* [Exercise directions] Write out, with no changes, every line starting at the one that contains "A senior patient" and ending at the last line of the data below. Leave pictures out.

* [Exercise data]
----------------------------------------

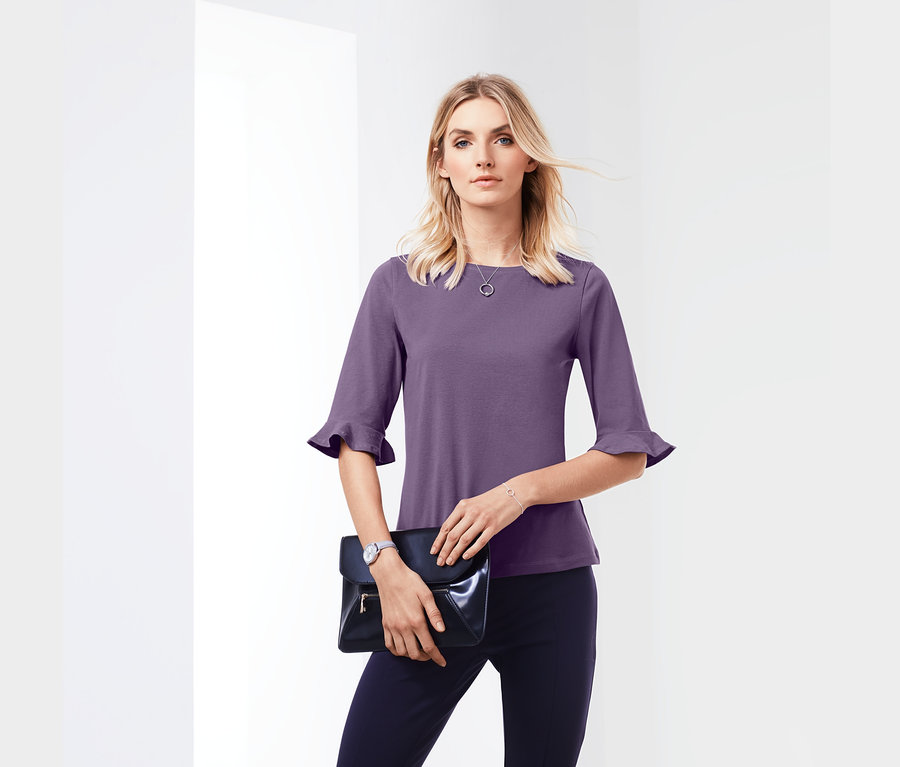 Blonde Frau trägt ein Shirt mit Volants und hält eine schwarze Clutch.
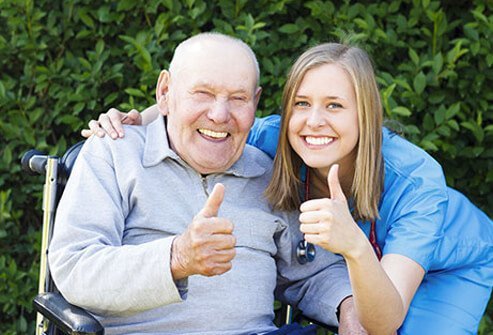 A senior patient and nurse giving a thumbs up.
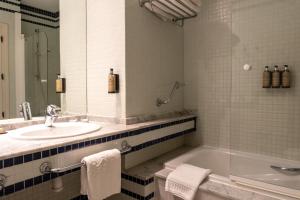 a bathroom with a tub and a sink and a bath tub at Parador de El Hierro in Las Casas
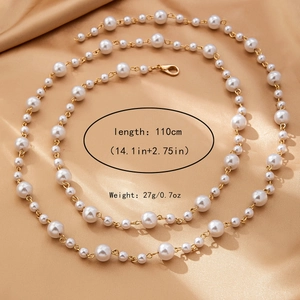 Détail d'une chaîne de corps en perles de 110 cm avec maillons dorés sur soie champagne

----------------------------------------

* [Response to this task]
 A senior patient and nurse giving a thumbs up.
 a bathroom with a tub and a sink and a bath tub at Parador de El Hierro in Las Casas
 Détail d'une chaîne de corps en perles de 110 cm avec maillons dorés sur soie champagne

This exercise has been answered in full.